Pour une nation, identité veut dire “continuité”. Pour la France, elle veut dire aussi“unité”, elle veut dire “assimilation”. Pour assimiler il faut avoir quelque chose à faire partager et ce quelque chose c’est notre identité culturelle qui ne se limite pas aux principes de la République mais qui s’étend aussi à desvaleurs de civilisation. Si la France, à l’unité si improbable, a toujours réussi à surmonter les pires déchirures de son histoire, c’est parce
que, malgré ce qui opposait les Français les uns aux autres, ils partageaient au fond ce même socle de civilisation qu’aujourd’hui les déboulonneurs de statues veulent détruire.
Ce que semblent ne pas comprendre ceux qui veulent effacer l’identité nationale, c’est que celle-ci est si profondément constitutive de ce que nous sommes qu’ils n’y parviendront pas : on n’efface pas l’identité d’une nation même avec les moyens du totalitarisme, tout juste peut-on la refouler. Ce sont les mêmes que ceux qui avaient ricané quand De Gaulle avait dit que la Russie boirait le communisme comme un buvard. La Russie a bu le communisme, comme la Chine a bu le maoïsme. Les identités nationales malades sont des identités nationales refoulées. Mais il faut craindre alors le violent retour du refoulé. Les contempteurs de l’identité nationale ne préparent pas la paix, par ignorance ou par aveuglement, ils préparent la guerre. C’est leur grand crime et la lâcheté qui conduit à leur céder est leur complice.

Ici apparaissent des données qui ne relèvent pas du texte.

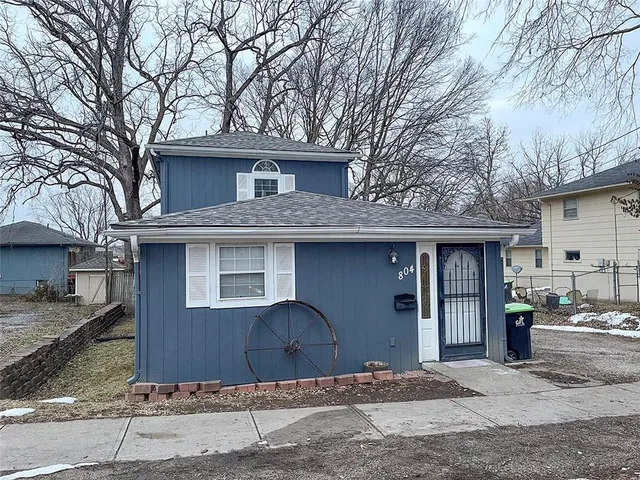 $225,000 | 804 East Elm Street, Harrisonville, MO 64701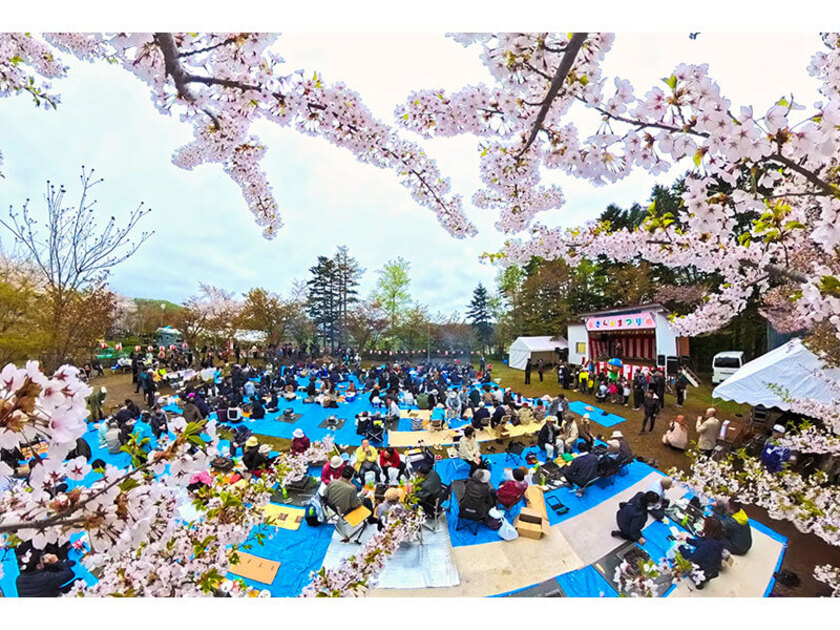 のんびり寛ぎながら花見とお祭りが楽しめます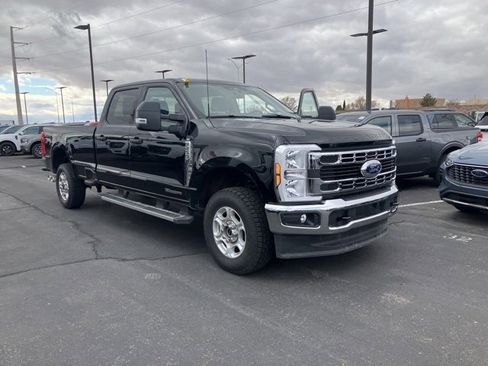 Used 2025 Ford F250 XLT image 1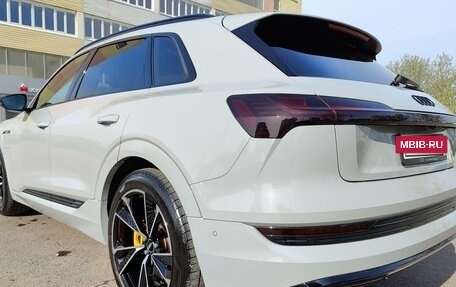 Audi e-tron I, 2019 год, 6 200 000 рублей, 3 фотография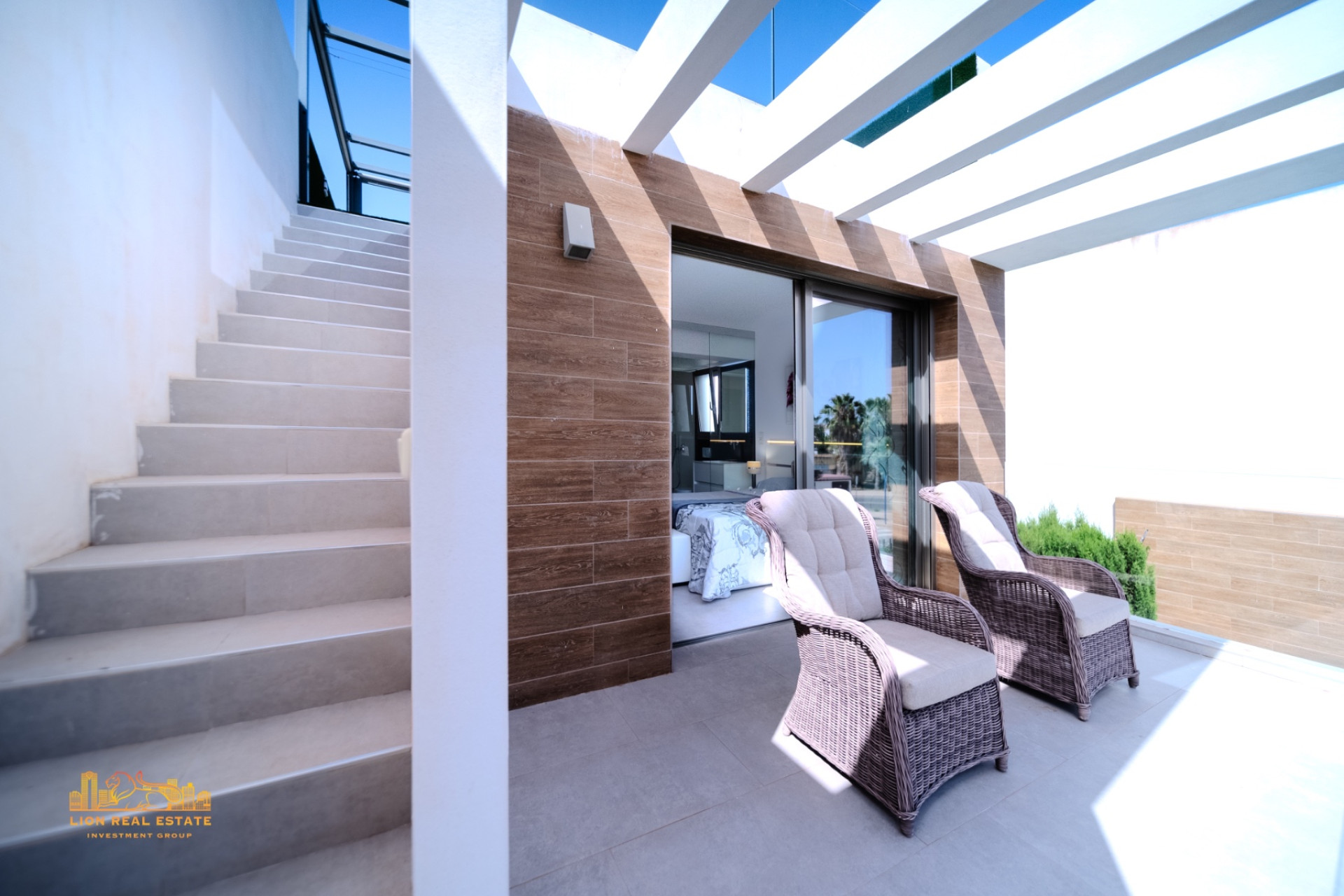 Resale - Villa -
Orihuela Costa - Villamartín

Défendre l’identité de la France, la faire aimer, la faire partager à ceux qui veulent s’associer à la communauté de destin du peuple français, n’est pas le signe d’une pathologie nationaliste, d’un repliement sur soi ou d’un mépris des autres mais un impératif intellectuel et moral. L’estime de soi est toujours la condition pour aller vers les autres et c’est par l’authenticité, non par l’imitation, que l’on parvient à l’universel. On ne fait pas aimer vivre ensemble dans un pays dont on apprend dès le plus jeune âge à détester l’histoire, la culture, les mœurs et l’art de vivre. C’est sur la fierté que l’on construit les nations ouvertes sur le monde.